Barry Santini:No! Calibrate in listening positon
Beolab 50, Beolab 8000 x 2, Beolab 4000 x 2, BeoSound Core, BeoSound 9000, BeoSound Century, BeoLit 15, BeoPlay A1, BeoPlay P2, BeoPlay H9 3rd Gen, BeoPlay H6, EarSet 3i, BeoVision Eclipse Gen 2 55", BeoPlay V1-40, BeoCom 6000 and so much else :)
Given the long wavelengths of bass notes I doubt it make any difference. Wavelength at 20 Hz is 56.5 feet.
Jeff
I'm afraid I'm recovering from the BeoVirus.
The earlier answer is correct: place your speakers, then calibrate. If you move them (rotation is included as a movement) then re-calibrate.

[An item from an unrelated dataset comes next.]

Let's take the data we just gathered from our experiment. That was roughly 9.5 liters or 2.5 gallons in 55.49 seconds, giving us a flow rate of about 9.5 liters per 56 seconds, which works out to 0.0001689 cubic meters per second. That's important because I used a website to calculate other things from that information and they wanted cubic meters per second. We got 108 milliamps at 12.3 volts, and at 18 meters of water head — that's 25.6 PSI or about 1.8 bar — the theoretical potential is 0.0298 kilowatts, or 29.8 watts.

Note that the ABC measurement does not measure things like distances to walls. It measures the radiation resistance on the loudspeaker. On other words, it "sees" the entire room as a "thing" that "pushes back" on the loudspeakers' radiation differently at different frequencies. That resistance is, in effect, a measurement of the entire room's "magnitude response" effect on the loudspeaker in its location. It cannot "see" individual discrete objects or attributes of the room (like distance to walls) - although changing objects, their locations, or the wall distances, will have a resulting effect on the radiation resistance.